Minas Gerais – Os servidores, por meio da Conacate, moveram ação direta de inconstitucionalidade no Supremo Tribunal Federal contra o aumento salarial concedido ao governador Romeu Zema. O aumento, aprovado pela Assembleia, elevou o salário do governador em até 298%, retroativo a abril, chegando a 41.845 em fevereiro de 2025.
A Conacate representa os servidores públicos federais e estaduais dos Poderes Legislativo, Judiciário, Ministério Público e Tribunais de Contas. A confederação argumenta que a aprovação do aumento viola a Lei de Responsabilidade Fiscal por não prever um estudo do impacto financeiro dos aumentos, indo contra os princípios da probidade, moralidade, transparência e anterioridade dos atos.
O governo de Minas afirmou que o reajuste foi necessário devido aos valores pagos até então, que eram incompatíveis com a responsabilidade e experiência exigidas para os cargos.
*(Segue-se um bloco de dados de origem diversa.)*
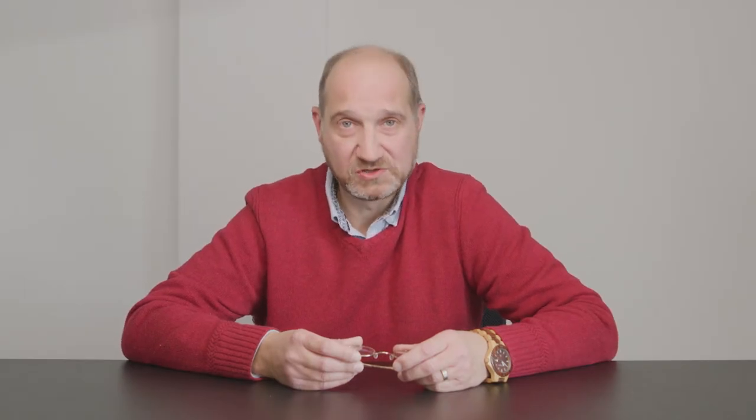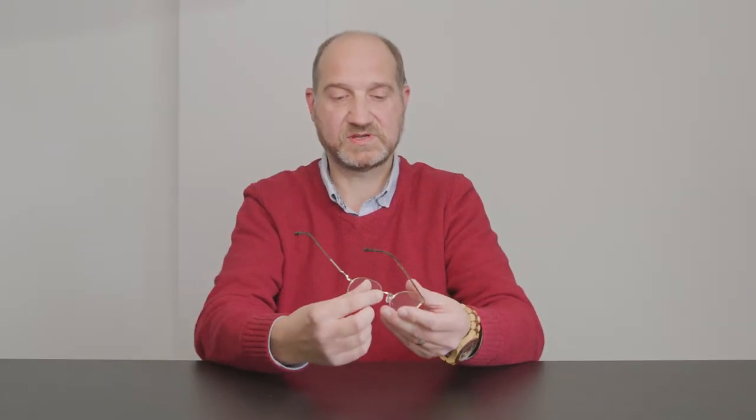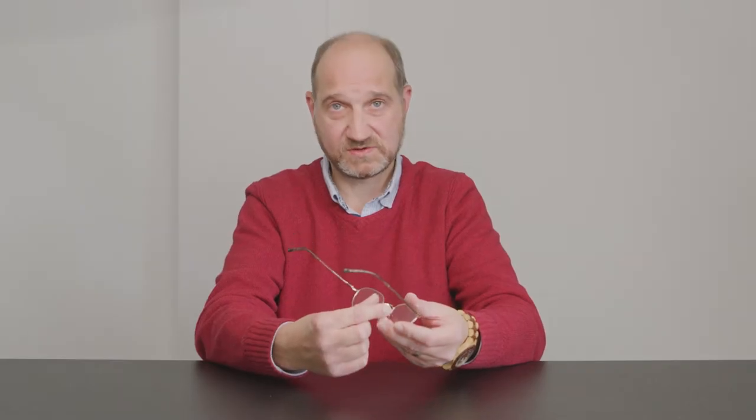Adjusting the nose pads is very easy and all the frames that we supply that have nose pads are designed to be adjusted. One of the reasons you might want to adjust your nose pads is if they're pressing on your nose and causing discomfort, or you find the frames are sitting a bit high. With the frame here, you've got the nose pads either side — these sit on your nose with a light pressure and support the glasses.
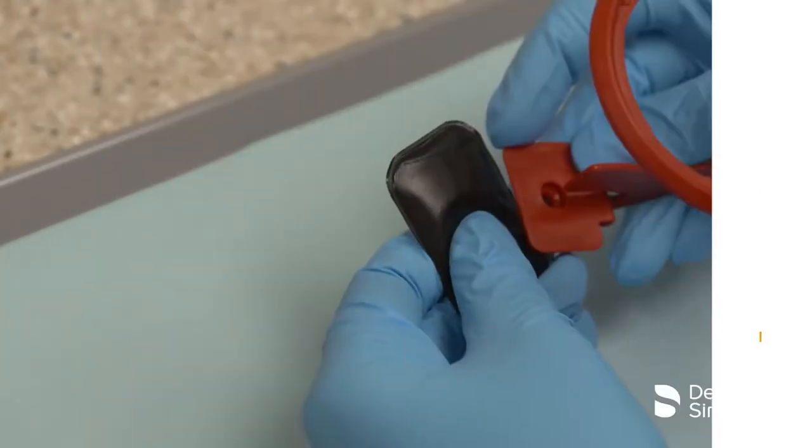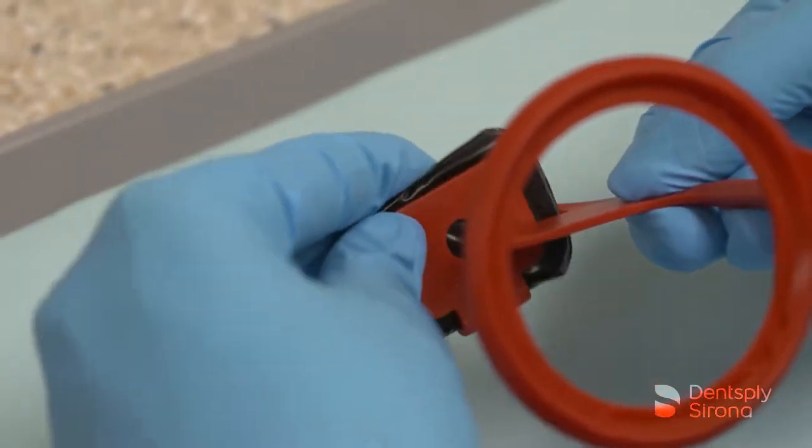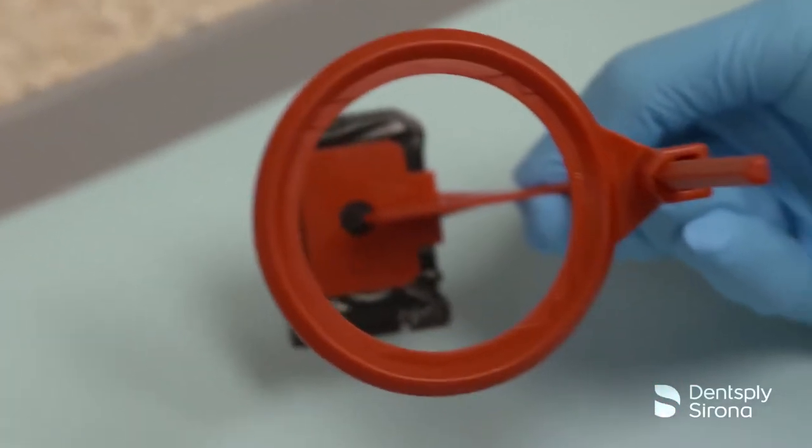The Flipray bitewing phosphor imaging plate holder is red in color, and this single holder will flip easily for clinicians to switch from a horizontal or vertical bitewing image depending on the patient presentation.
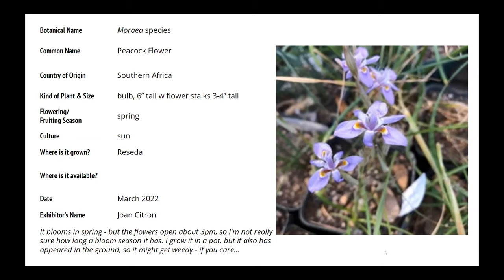Like many South African bulbs, it will come up with the first rains and blooms usually late winter or early spring. It's very handsome — many different varieties. This is a species, probably one of the more common ones. I'll try to ID this if I can when I go to type this up.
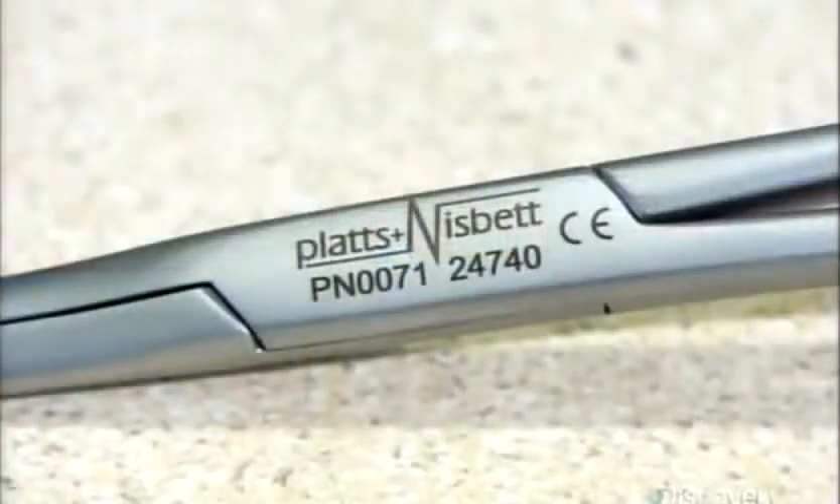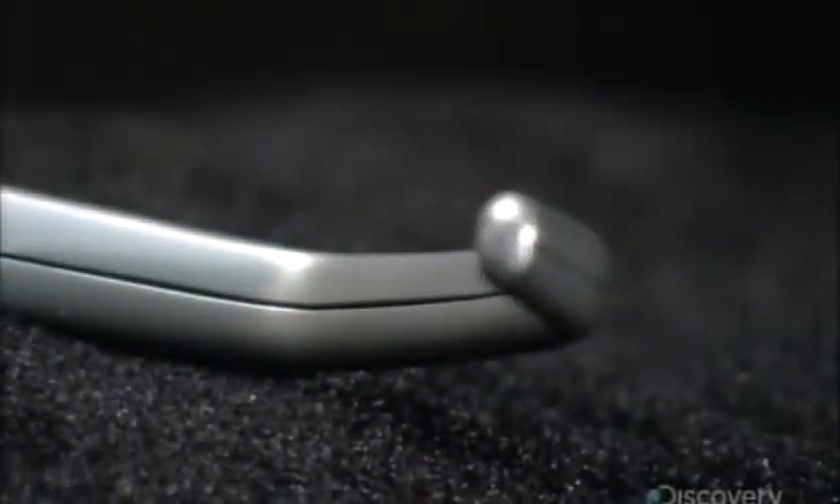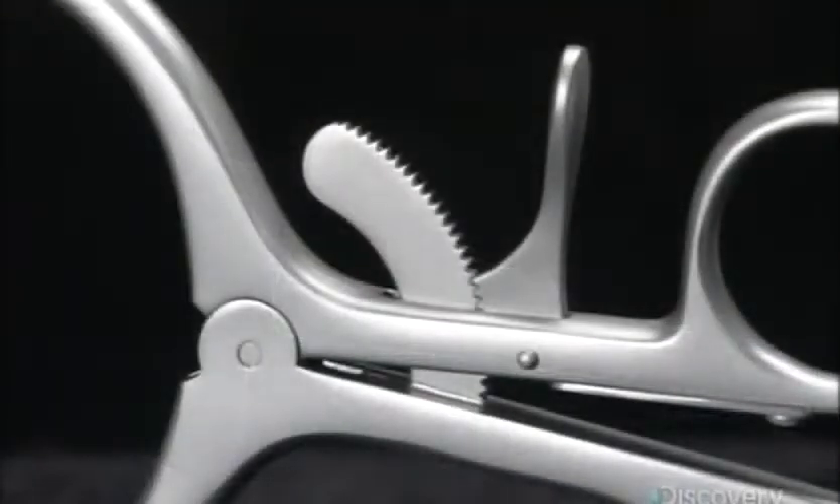He smooths the inside of the finger bows with a fine abrasive belt. After heat treatment to strengthen the metal, they blast it with fine glass particles to give it a satin finish. They laser etch the company name and identifying numbers onto the surgical clamp — the numbers will allow the tool to be traced back to a particular production run. And now it's ready to take its place on the front lines of healthcare.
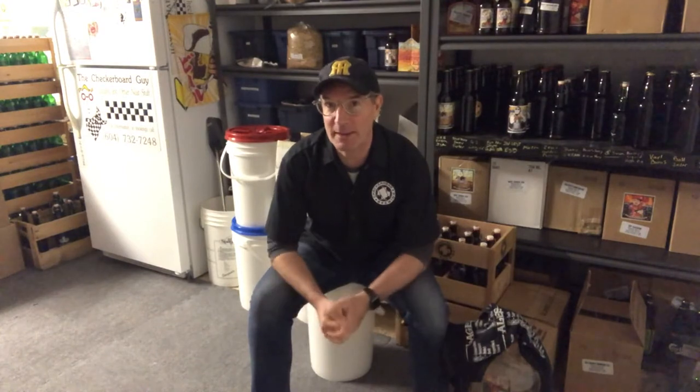David Akin here with Checkerhead Brewing and another tips and tricks video for brewers around the world. This is my chance to share with you some of the information that I've picked up over the last five or six years of brewing so that you can glean from my experience and try to avoid some of the mistakes I've made.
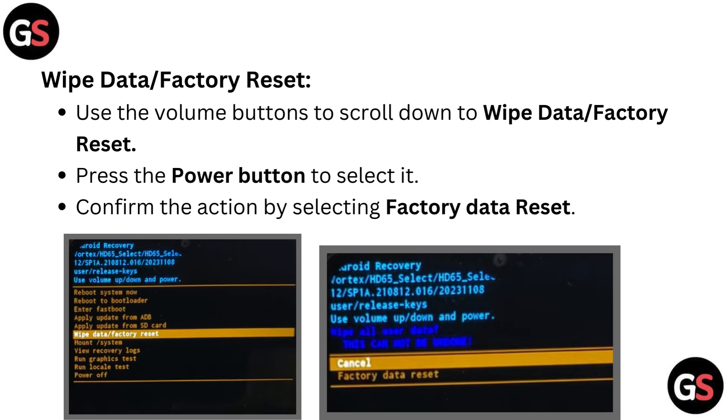Use the volume buttons to scroll down to 'Wipe data / Factory reset.' Press the power button to select it, then confirm the action by selecting 'Factory data reset.'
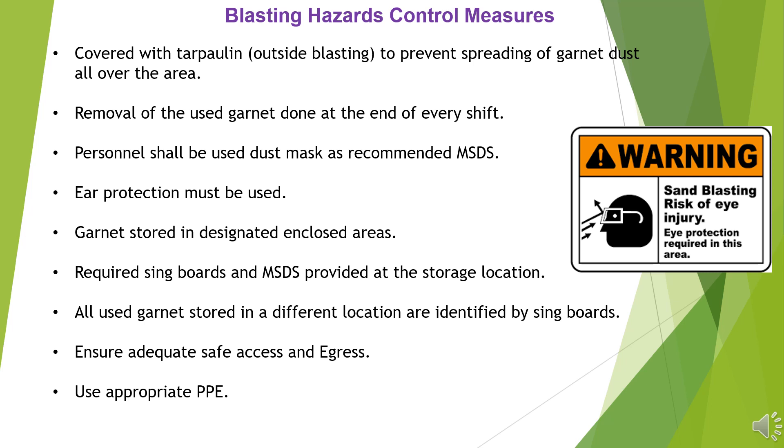Ear protection must be used. Garnet stored in designated enclosed areas. Required sign boards and MSDS provided at the storage location.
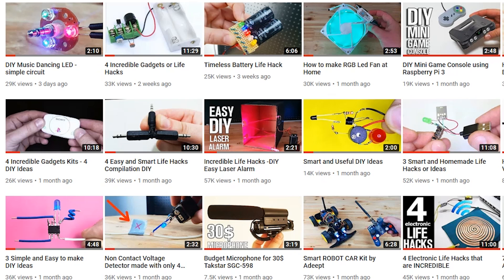Thanks for watching, and these are popular life hacks right now — check them out. See ya, Hacktubers!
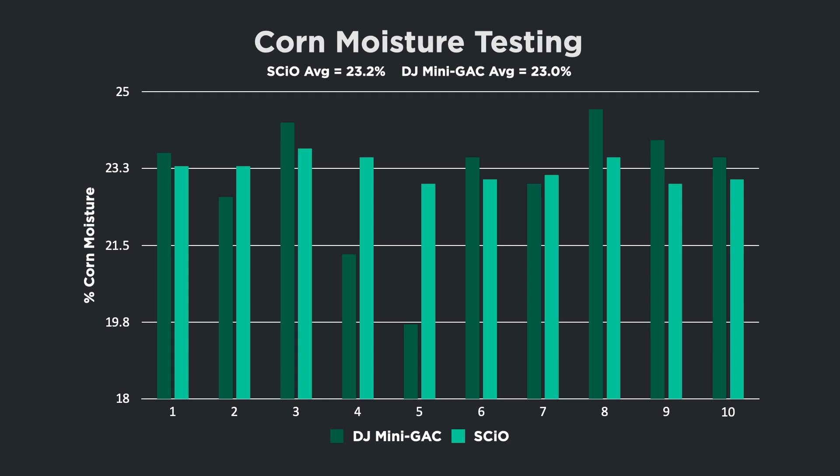Looking at a bar graph, the SCiO ranged from 23.0 to 23.7 percent moisture over the 10 samples — a variation of only 0.7 points. Very consistent — we're really happy with it. However, the Dickey John mini GAC on the same 10 samples had quite a range: the driest reading was 19.7 percent and the wettest was 24.6 percent — almost a five-point deviation. So the SCiO had only 0.7 points of variation versus nearly five points for the mini GAC. It shows the consistency of the SCiO's molecular testing: very accurate, quick, and effortless out in the field.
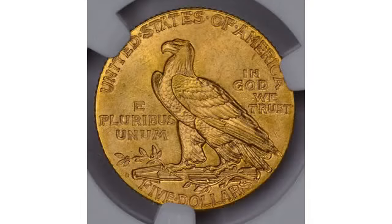The 1929 half-eagle is the big key in the series, worth several thousand dollars even in circulated grades. 662,000 were minted, but the majority were melted.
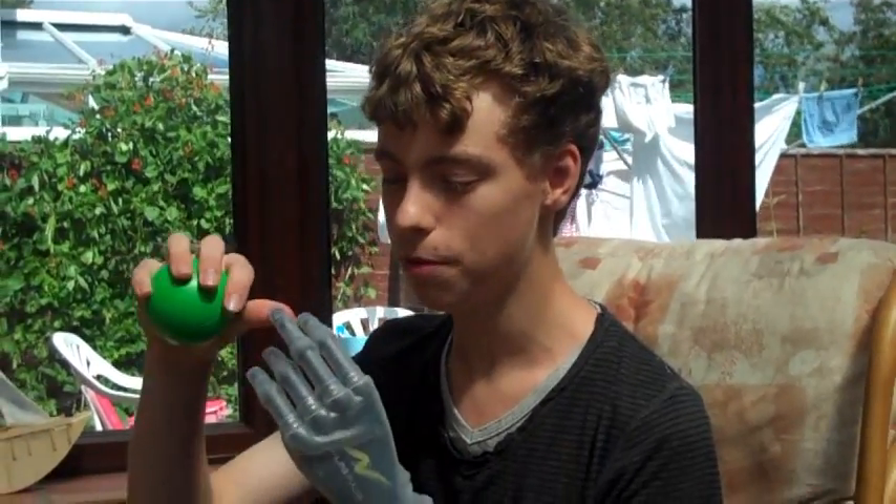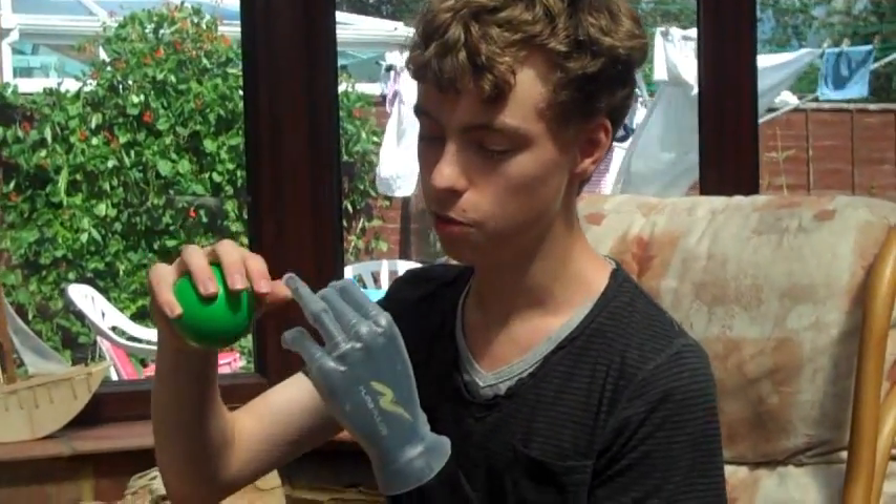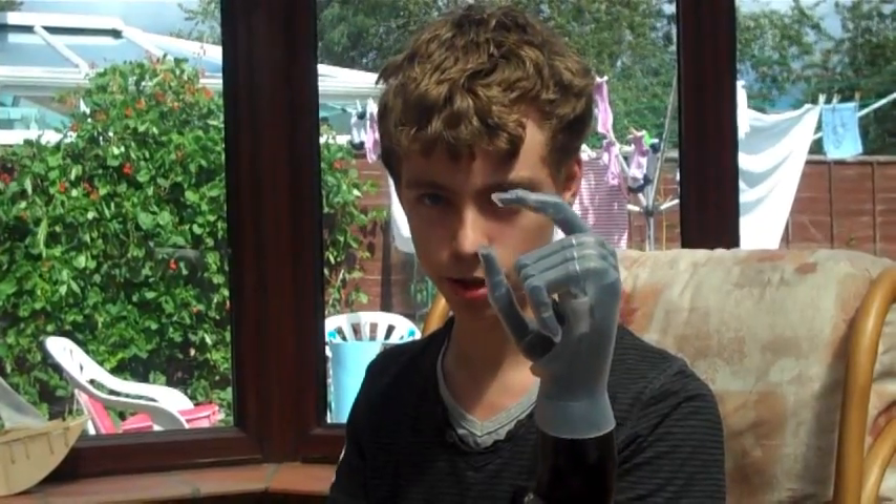Each finger is individually powered so I can move each one independently, whereas the last one was simply a claw grip. It also has various opening and closing modes called grip patterns, which can be used to do various different grips.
Alegou também que, antes do reajuste, os salários eram os menores valores para as funções no Brasil, estando congelados por mais de 15 anos. De acordo com a lei, secretários e outros funcionários públicos não podem receber vencimento superior aos governadoes. Portanto, o novo salário do governador foi referenciado pelo vencimento base do cargo de presidente do Tribunal de Justiça de Minas Gerais para garantir isonomia com os Chefes de Poderes.